Action item:
Copy each entry verbatim, excluding its images.

• • •

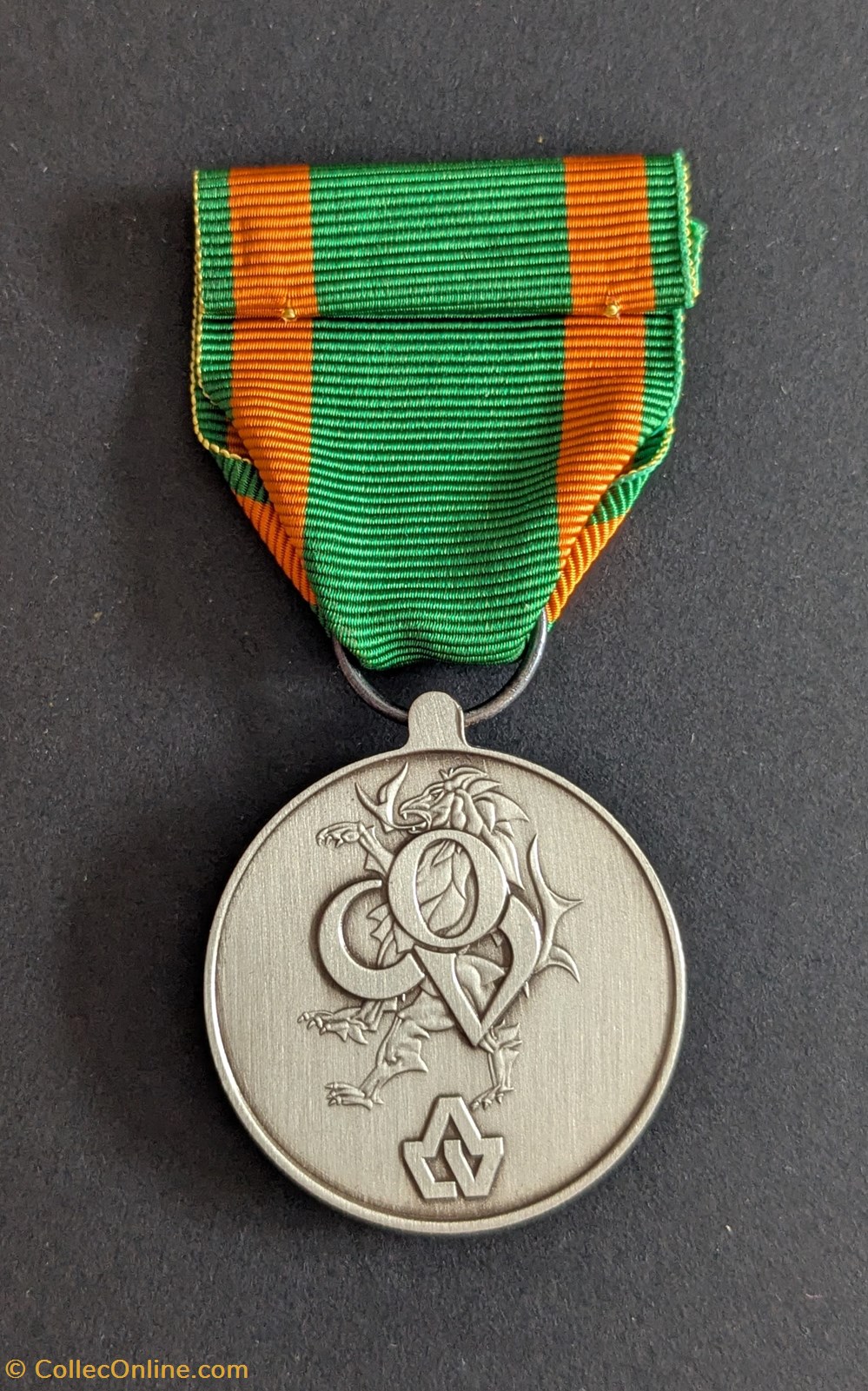 medailles div medaille du centre pour l education des adultes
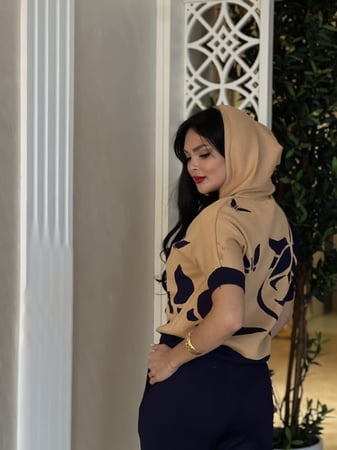 طقم بنطلون وبلوزه كحلي وبيج شتوي بخامة ممتازة جداً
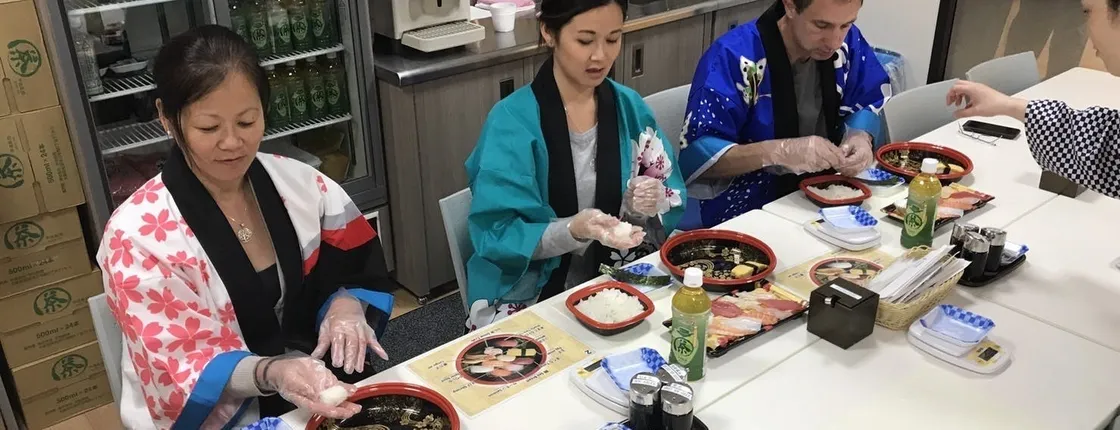 Sushi Making Experience in Dotonbori with 8 Pieces of Sushi
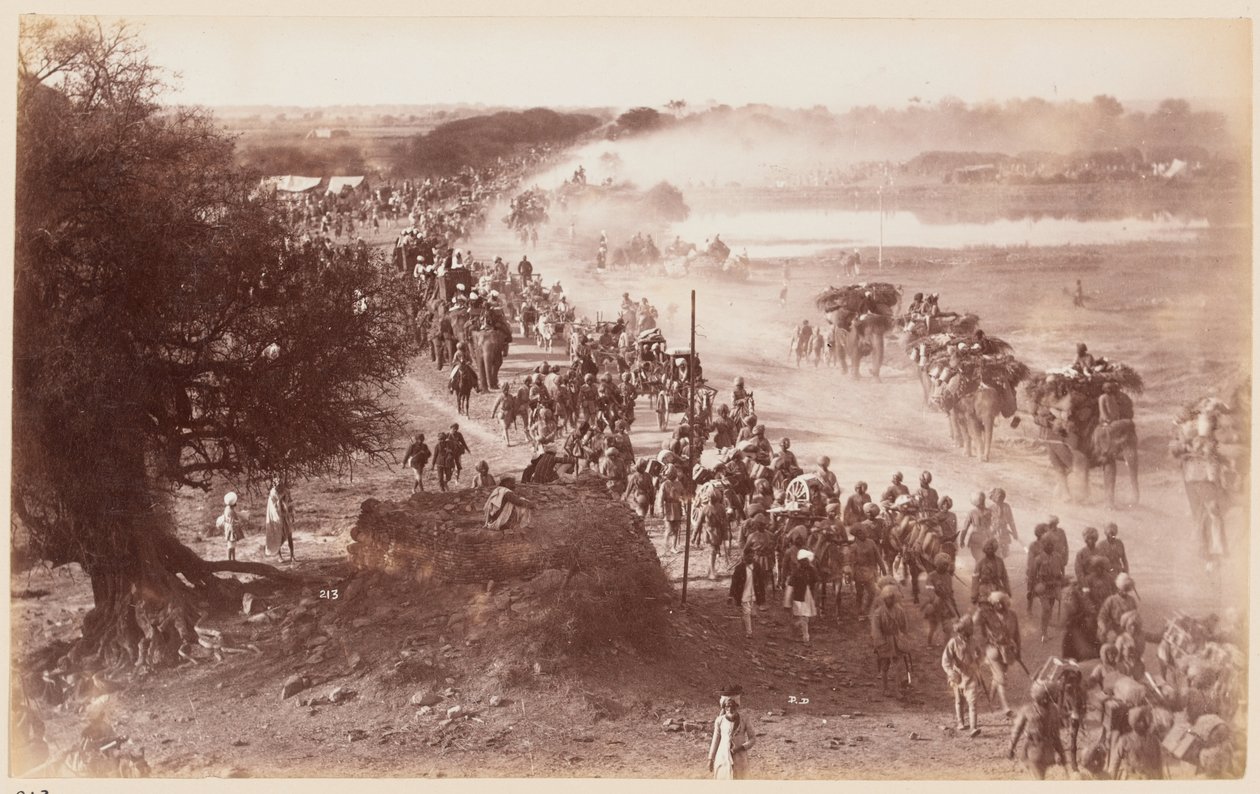 Uma bateria de montanha em marcha durante o Campo de Exercício de Delhi de Unknown photographer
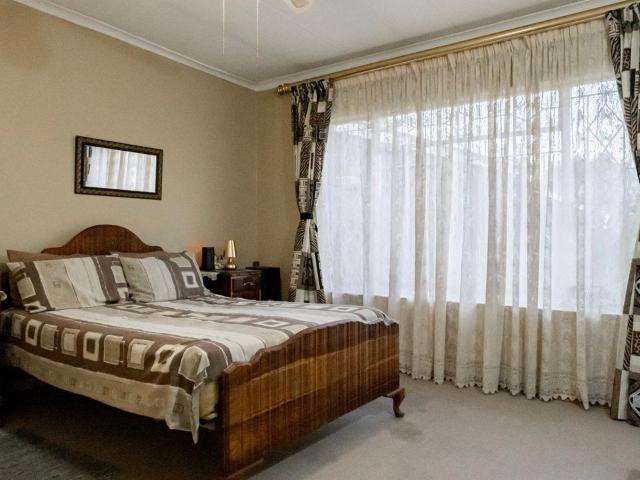 4 Bedroom house for sale in Kempton Park Ext 1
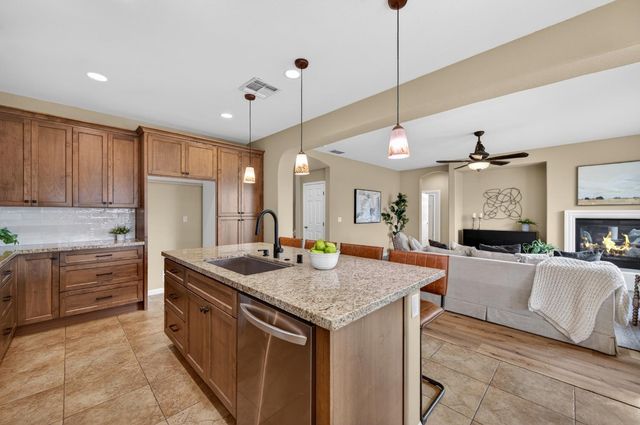 2045 Grayhorse Dr, Auburn, CA 95603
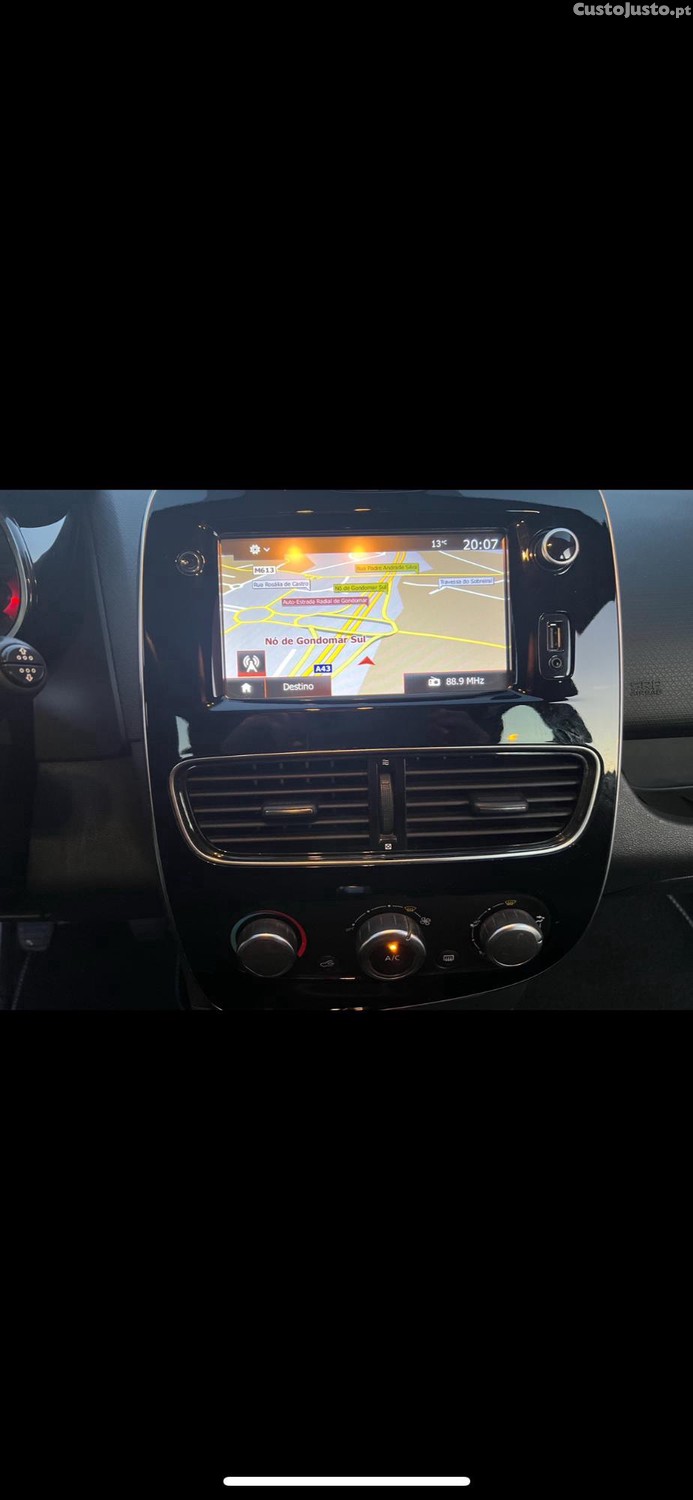 Renault Clio 0,9 TCE 90 cv LIMITED — fotografia 7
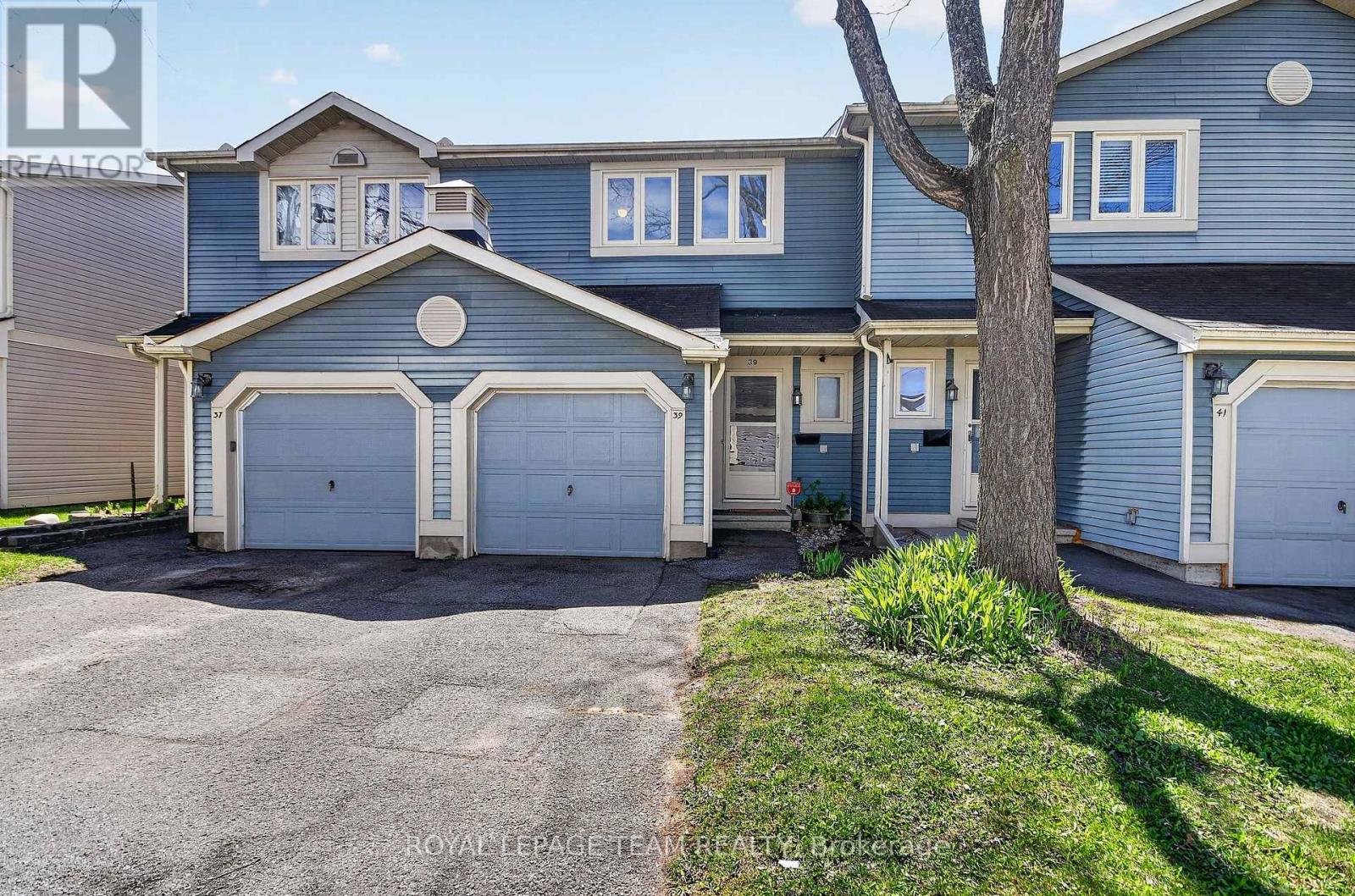 39 SAXTON PRIVATE, Ottawa, Ontario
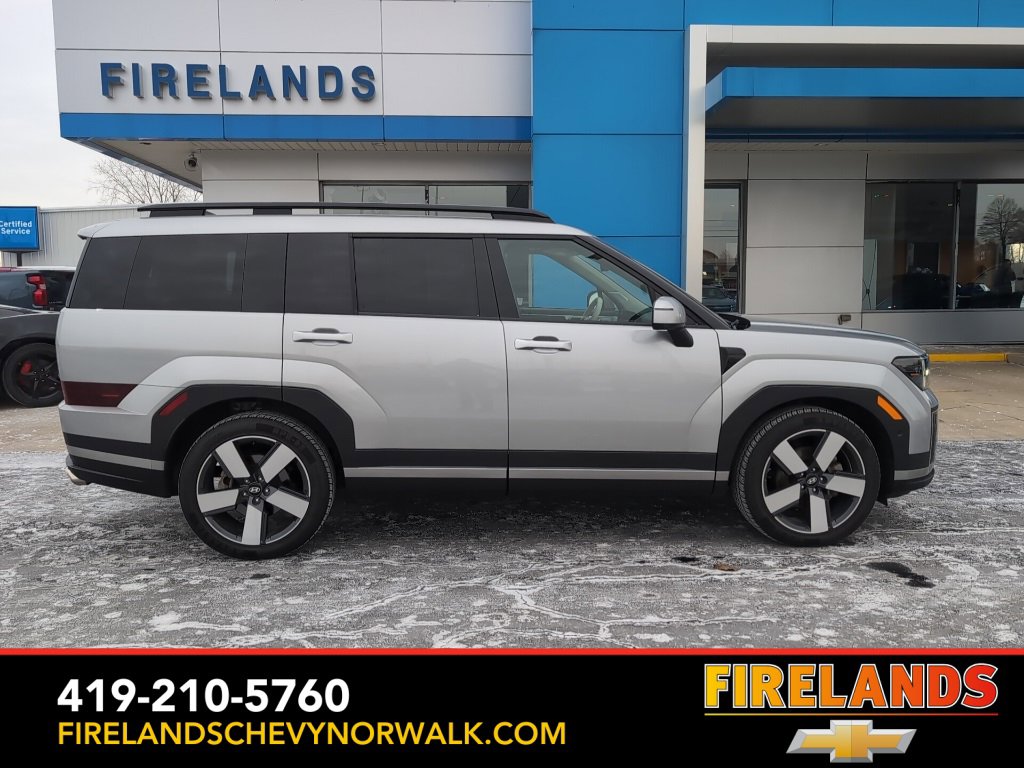 Used 2024 Hyundai Santa Fe Limited image 5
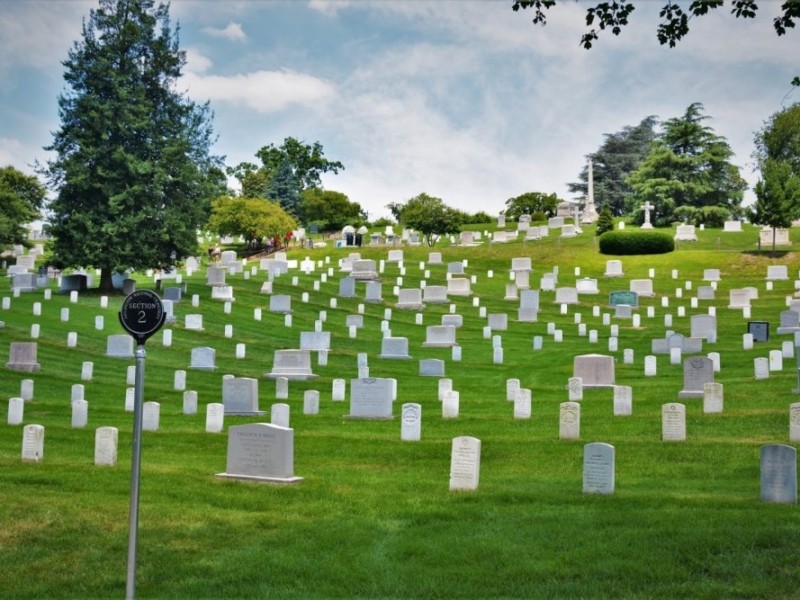 Як Арлінгтон в США: Національне військове меморіальне кладовище створять в Україні
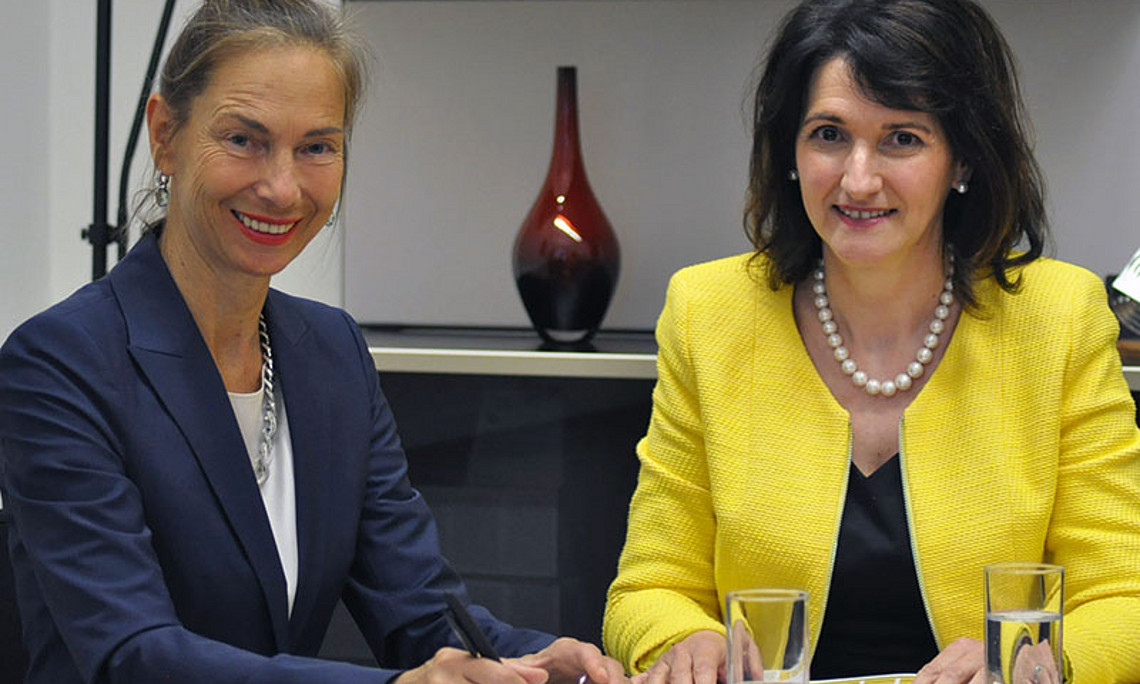 Andrea Paletta (links) mit der stellvertretenden Leiterin des Lehrgangs, Regina Weitlaner von der Pädagogischen Hochschule Steiermark. Foto: Uni for Life.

• • •

Answer area:
 medailles div medaille du centre pour l education des adultes
 طقم بنطلون وبلوزه كحلي وبيج شتوي بخامة ممتازة جداً
 Sushi Making Experience in Dotonbori with 8 Pieces of Sushi
 Uma bateria de montanha em marcha durante o Campo de Exercício de Delhi de Unknown photographer
 4 Bedroom house for sale in Kempton Park Ext 1
 2045 Grayhorse Dr, Auburn, CA 95603
 Renault Clio 0,9 TCE 90 cv LIMITED — fotografia 7
 39 SAXTON PRIVATE, Ottawa, Ontario
 Used 2024 Hyundai Santa Fe Limited image 5
 Як Арлінгтон в США: Національне військове меморіальне кладовище створять в Україні
 Andrea Paletta (links) mit der stellvertretenden Leiterin des Lehrgangs, Regina Weitlaner von der Pädagogischen Hochschule Steiermark. Foto: Uni for Life.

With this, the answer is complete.